Now, Poizner could be doing poorly because the campaign has not really begun. As veteran GOP pollster Steve Kinney noted, "Most of the battle right now is inside baseball." Indeed, the biggest winner in the Field Poll among GOP voters was undecided -- at 49 percent.
But in the race among people who are paying attention, Poizner is not where he should be. GOP eminences grises -- like former Gov. Pete Wilson, Rep. Ed Royce and Rep. Dan Lungren -- would be expected to back the candidate who paid his dues and has shown he can win statewide; instead they've endorsed Whitman, the newcomer with a spotty voting record.
Former state GOP Chairman Bob Naylor even switched his endorsement from Poizner to Whitman.

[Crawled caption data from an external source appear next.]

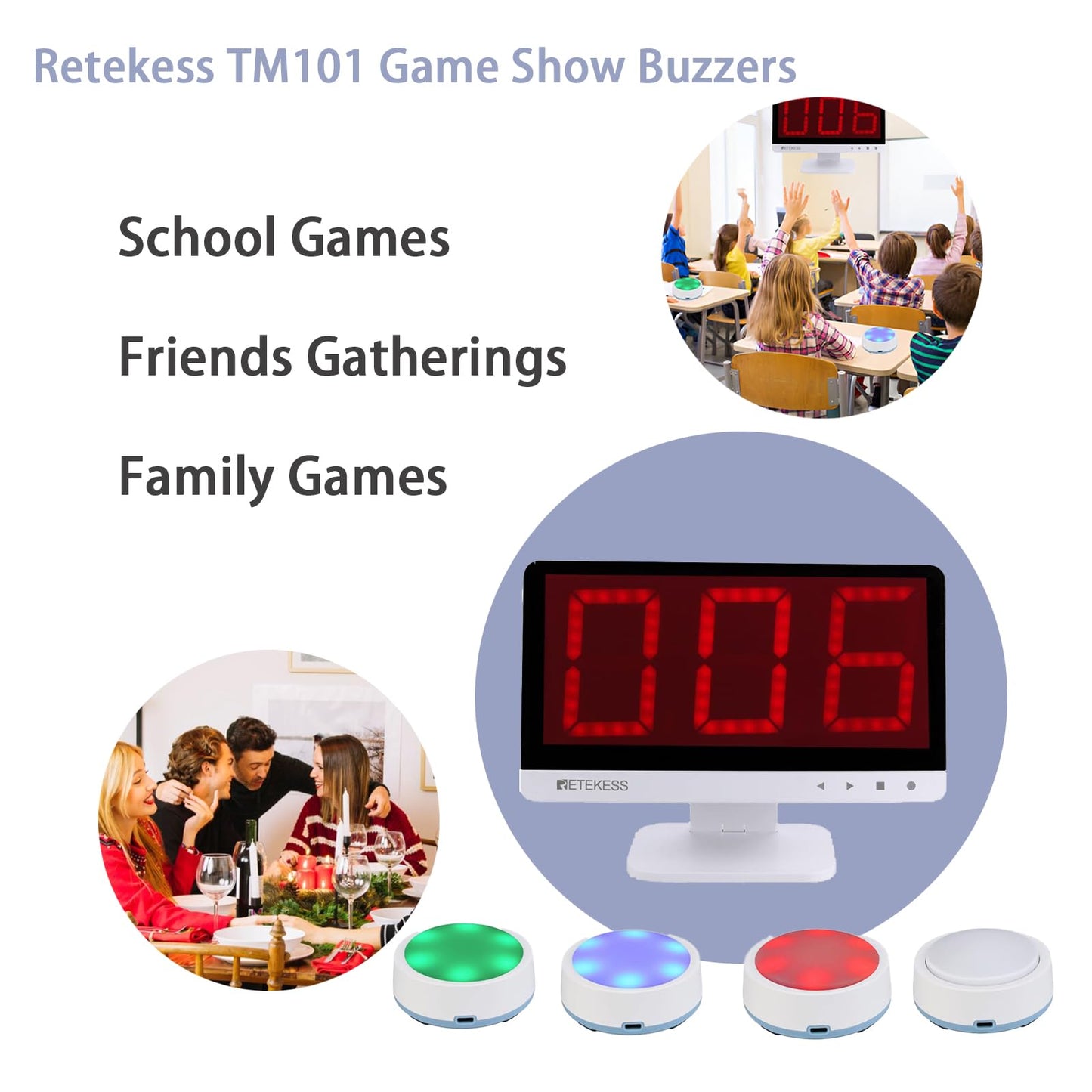 Retekess TM101 Wireless Buzzer System,Answer Buzzers with Lights & Sound,Add Up to 32 Buttons,262ft, Game Show Buzzers for Classroom,Family Feud Adult Trivia Game Night,Back to School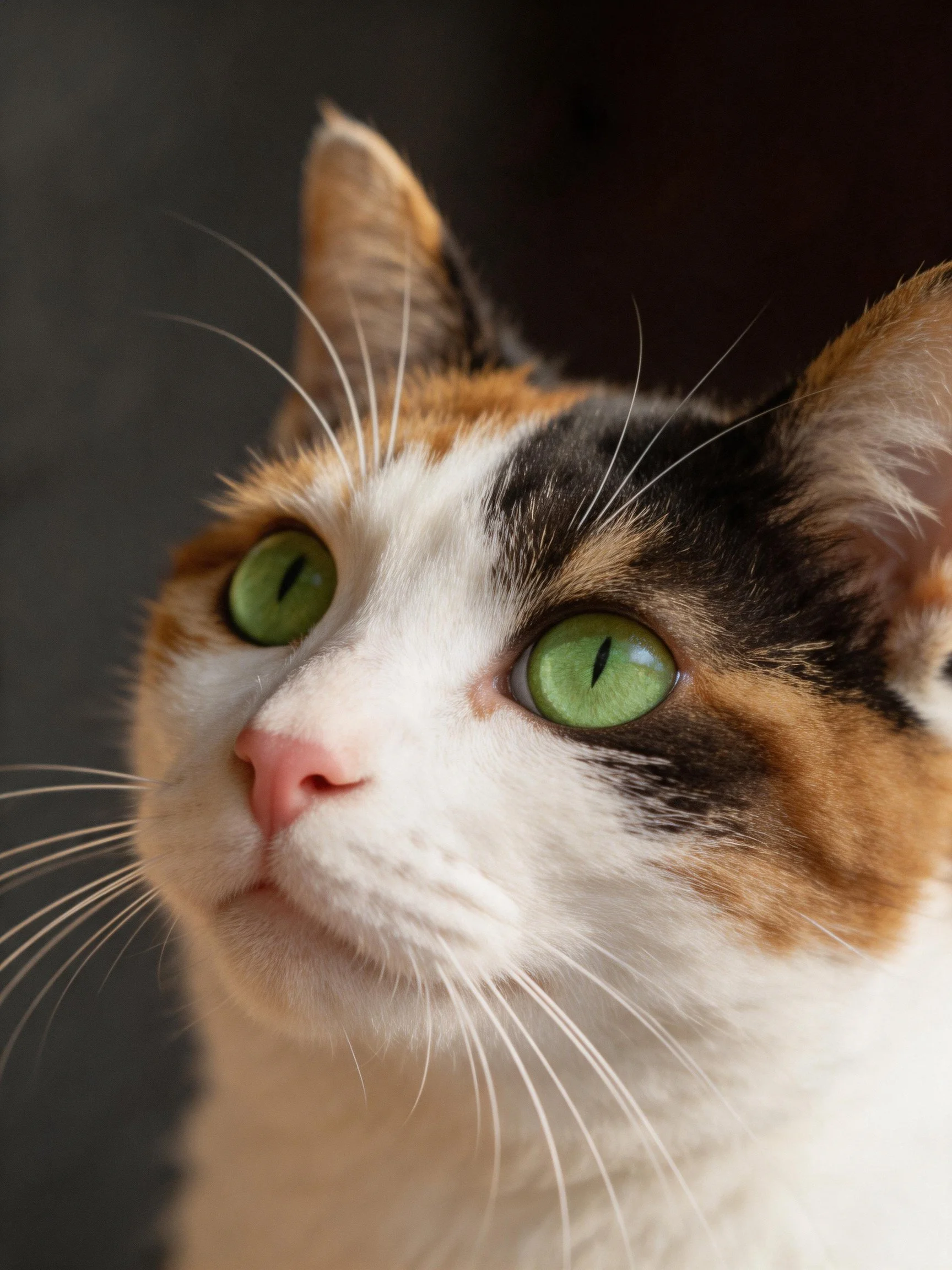 Tri-colored calico cat with bright green eyes gazes attentively.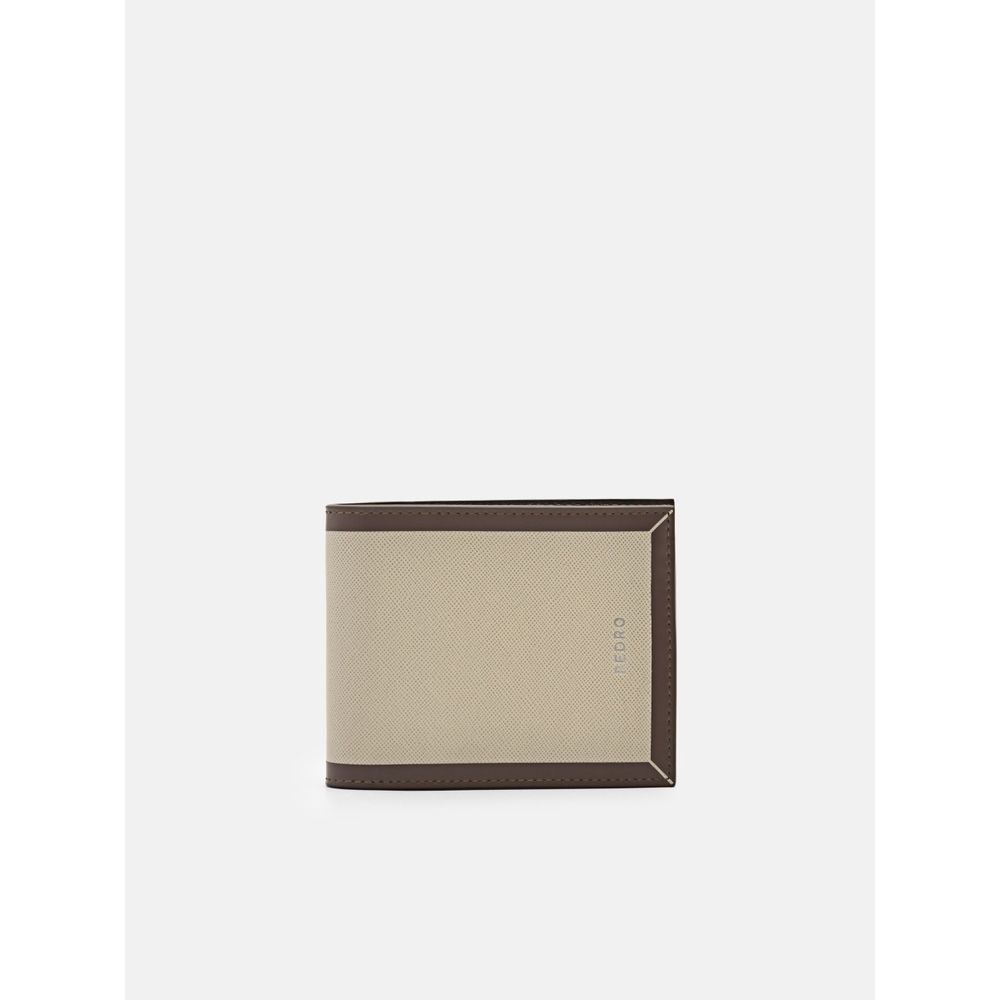 PEDRO 皮革雙折零錢包-黑色/灰褐色(小CK高端品牌 送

Naylor told me Poizner's "a great guy" with a "great command" of the landscape, but he believes Whitman has a better chance of attracting independent and Democratic voters. "It's more tone than anything else -- and electability."
GOP strategist Allan Hoffenblum believes that Poizner lost the party's centrist graybeards by moving too far to the right in his bid for the top. When Poizner ran for state Assembly in 2004 and lost, he styled himself as "a frustrated moderate Republican," who would not say if he voted for George W. Bush in 2000. In his run for governor, however, Poizner courted the sort of Republicans who grouse that Bush wasn't conservative enough.
Poizner's transition to the gung-ho side of the GOP, Hoffenblum noted, makes insiders wonder, "Is he another Mitt Romney?" (Romney was a maverick Republican when he ran for governor of Massachusetts, then he tilted all-right as a candidate for president.)